Incredibly, the entire scene is a combination of custom-textured assets. Drago’s texturing technique elevated the sense of realism by using tileable textures and trim sheets, which are textures that combine separate details into a single sheet. Mixing these techniques proved to be profitable in creating original, more detailed textures, as well as keeping good pixel density across the scene. Textures never exceeded more than 2048×2048 pixels in size.

 

Drago created his textures in Adobe Substance 3D Painter, taking advantage of NVIDIA Iray rendering for faster, interactive rendering. RTX acceleration enabled him to quickly bake ambient occlusion and other maps used in texturing, before exporting and applying the textures to the models inside Unreal Engine 5.

Final frame renders came quickly with Drago’s GeForce RTX 2080 SUPER GPU doing the heavy lifting. Drago stressed the necessity of his graphics card.

“For a 3D artist, probably the majority of the work, excluding the planning phases, requires GPU acceleration,” he said. “Being able to work on scenes and objects with materials and lighting rendered in real time saves a lot of time and headaches compared to wireframe or unshaded modes.”

 

Drago moved on to importing and assembling his textured models in Unreal Engine 5. Elated with the assembly, he began the lighting process.
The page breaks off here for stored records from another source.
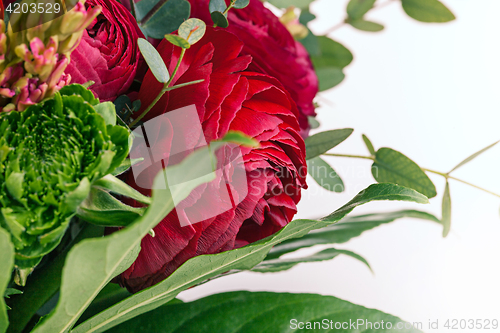 Image of Ranunkulyus bouquet of red flowers on a white background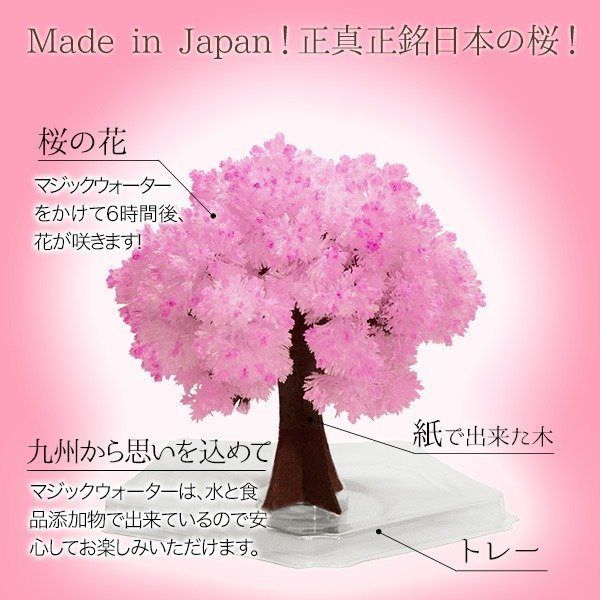 マジックツリー Magic桜ミニ マジックサクラ マジック桜 インドア花見_画像4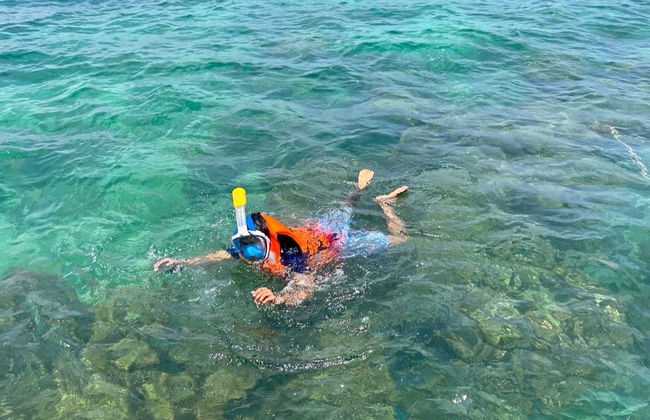 Phi Phi Islands & Maya Bay Day Trip - Photo 6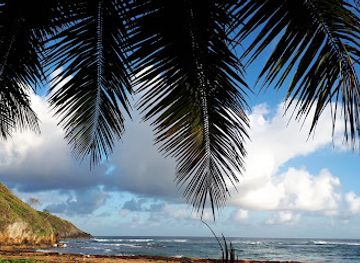 dominican-republic/las-terrenas/landmark/playa-lanza-del-norte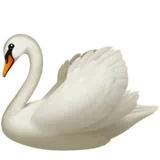 swan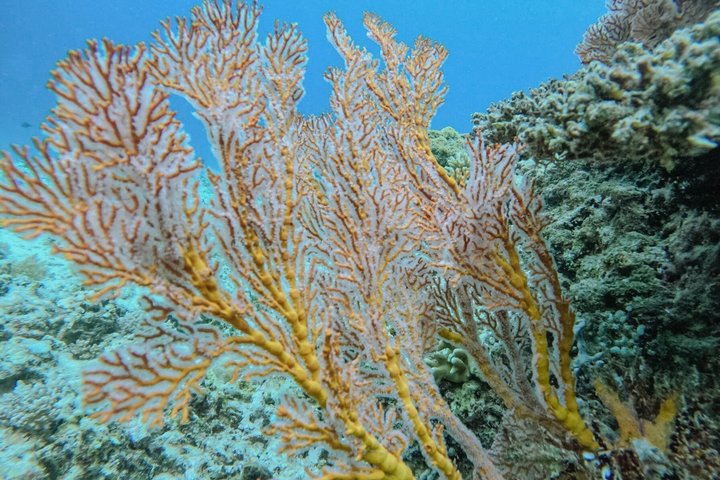 Private Snorkeling Gili Island Including GoPro Camera
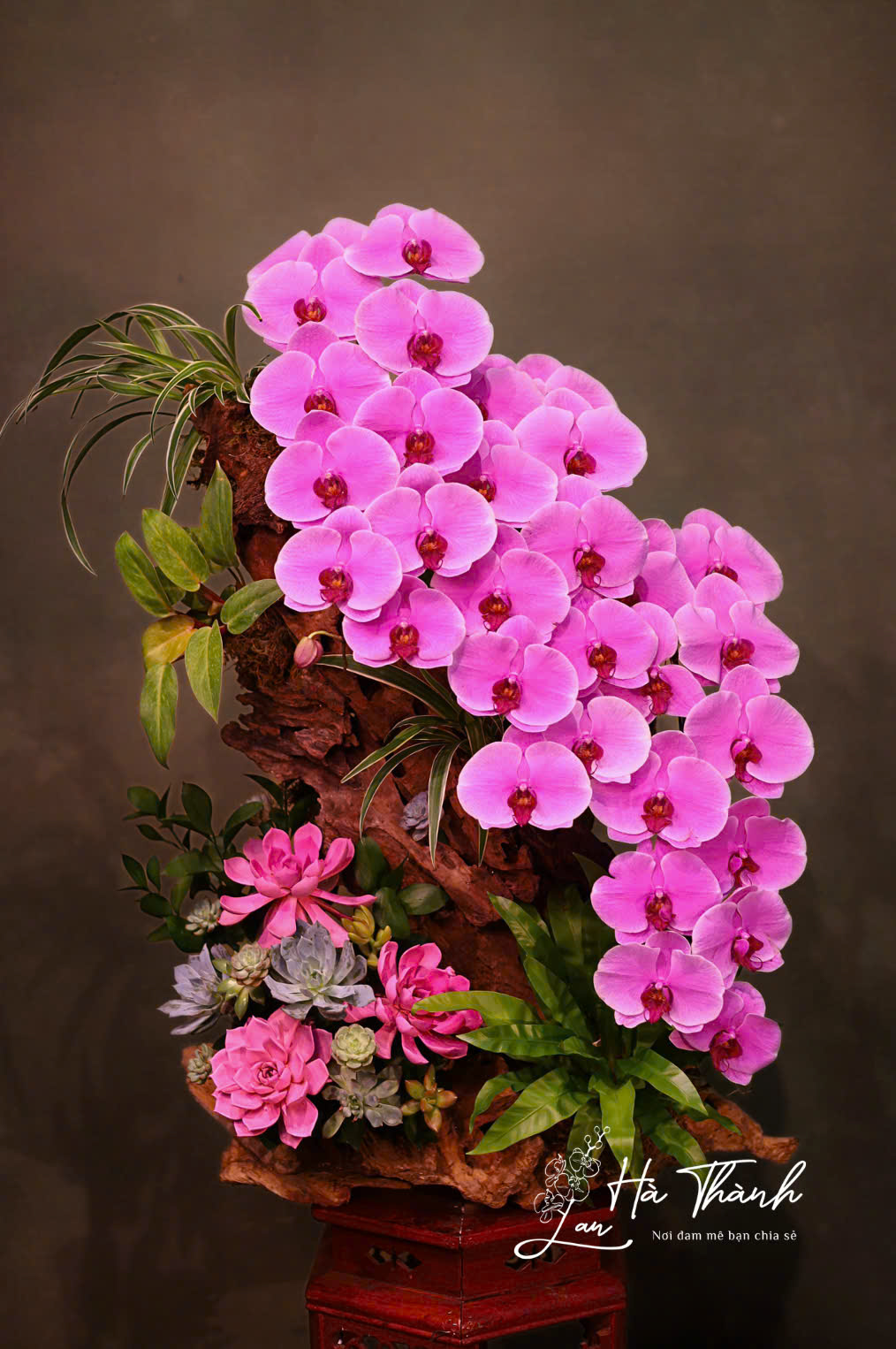 Chậu Lan Hồ Điệp Tiểu Cảnh Hoa Đại Màu Hồng – Vẻ Đẹp Sang Trọng Từ Lan Hà Thành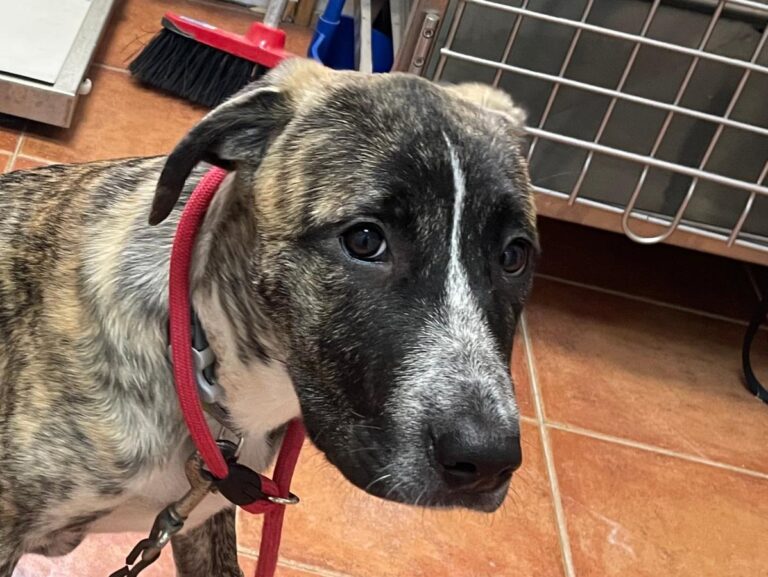 multimedia-foto87215-142-1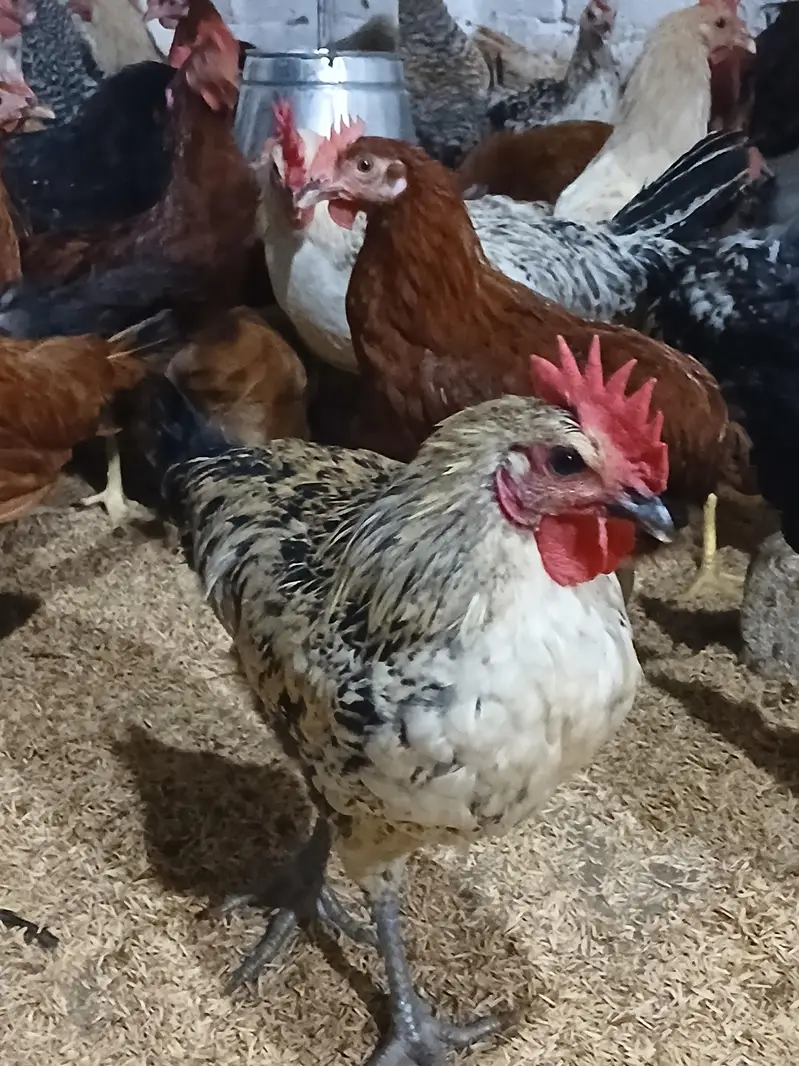 murgiyan for sale | desi | golden misri | astroulop | lohaman — photo 9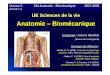 Anatomie – Biomécaniqueb.meric.free.fr/staps/Anatomie/L2_CM1_Anatomie.pdf · Introduction Qu’est-ce que l’anatomie ? Anatomie (du grec, anatomia = dissection) Anatomie descriptive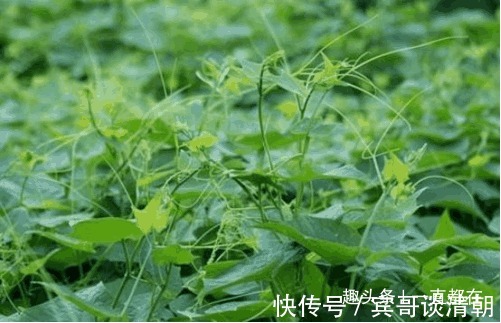 高血压|秋季多吃一点野菜，有治疗心脏病、高血压、血管硬化以及抗癌作用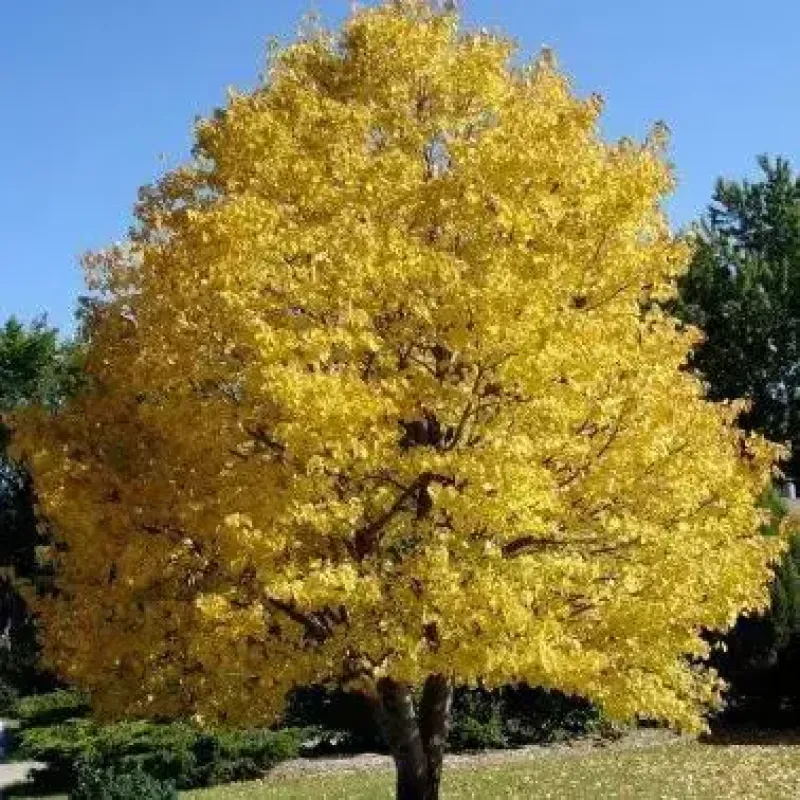 Linden Harvest Gold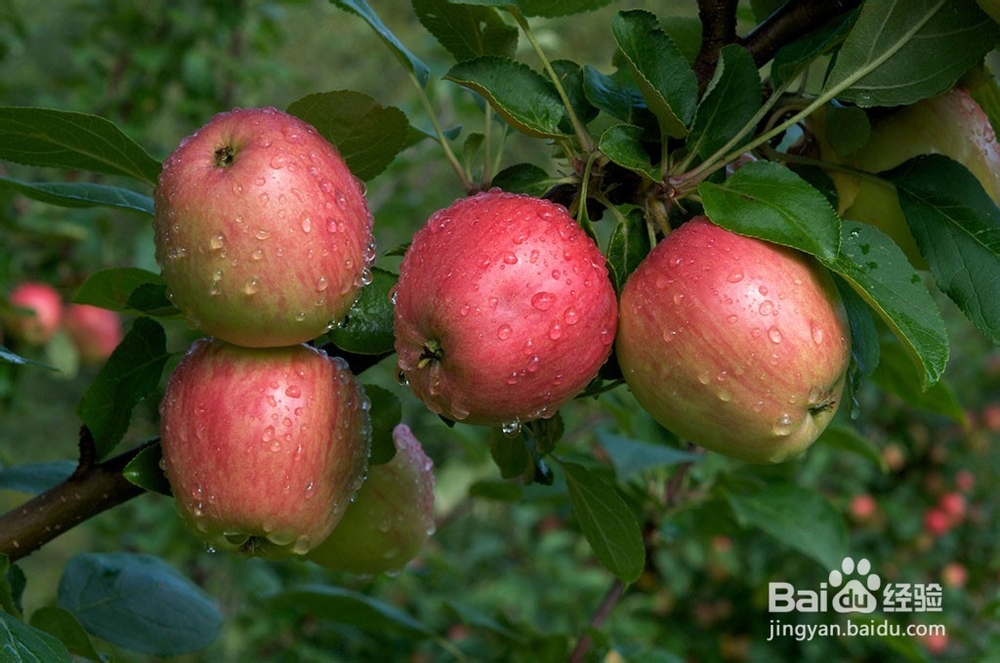 让痘痘消失的无影无踪吧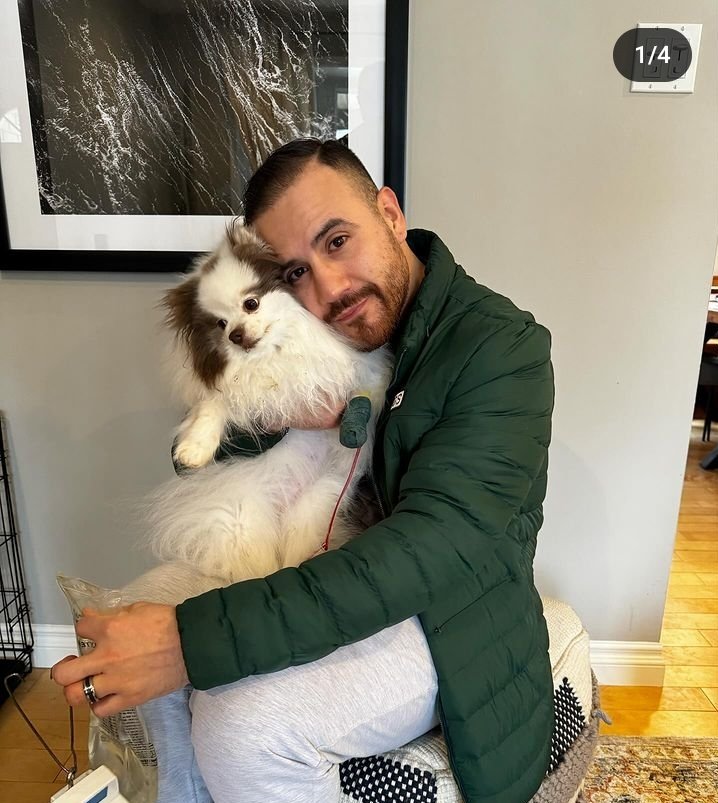 Graphdinner111's tweet image. @Graphdinner111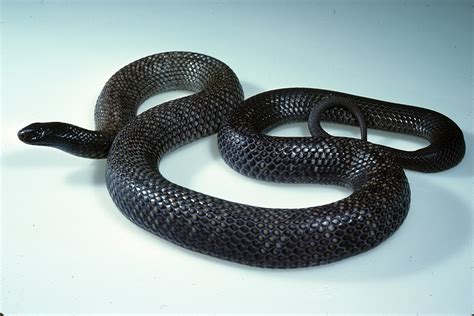 Are Black Garden Snakes Poisonous | Fasci Garden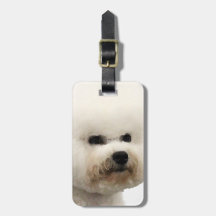 Bichon Frisé Étiquettes De Bagages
Unreal Engine 5’s Lumen technology enabled lighting iterations in real time, without Drago having to wait for baking or render times.

Unreal Engine’s virtual-reality framework allowed Drago to set up a virtual camera with motion tracking. This gave the animation its signature third-person vantage point, enabling the artist to move around his creative space as if he were holding a smartphone.

The GPU-accelerated NVDEC decoder in Premiere Pro enabled smooth playback and scrubbing of high-resolution video for Drago.

With the renders and animation in place, Drago exported the scene to Adobe Premiere Pro software, where he added sound effects. He also sharpened image details in the animation, one of the many GPU-accelerated features in the software. Drago then deployed GPU-accelerated encoding, NVENC, to speed up the exporting of final files.

Subtle modifications allowed Drago to create ultra-realistic renders. “Mimicking a contemporary smartphone camera — with a limited dynamic range, glare and sharpening artifacts — was a good way of selling the realism,” he said.

“RTX features, like DLSS and ray tracing, are amazing, both from a developer’s point of view and a gamer’s,” Drago stated.

NVIDIA 3D artist Lorenzo Drago.

Drago recently imported Etchū-Daimon Station into NVIDIA Omniverse, a 3D design platform for collaborative editing, which replaces linear pipelines with live-sync creation. Drago noted the massive potential within the Omniverse Create App, calling it “a powerful tool capable of achieving extremely high-fidelity results.”

NVIDIA GTC, a global AI conference running online Sept. 19-22, will feature Omniverse sessions with industry experts to demonstrate how the platform can elevate creative workflows. Take advantage of these free resources and register today.

Follow Lorenzo Drago and view his portfolio on ArtStation.

Continue Your Creative Journey

Drago is a self-taught 3D artist, proof that resilience and dedication can lead to incredible, thought provoking, inspirational creative work.

In the spirit of learning, the NVIDIA Studio team is posing a challenge for the community to show off personal growth. Participate in the #CreatorsJourney challenge for a chance to be showcased on NVIDIA Studio social media channels.

Entering is easy. Post an older piece of artwork alongside a more recent one to showcase your growth as an artist. Follow and tag NVIDIA Studio on Instagram, Twitter or Facebook, and use the #CreatorsJourney tag to join.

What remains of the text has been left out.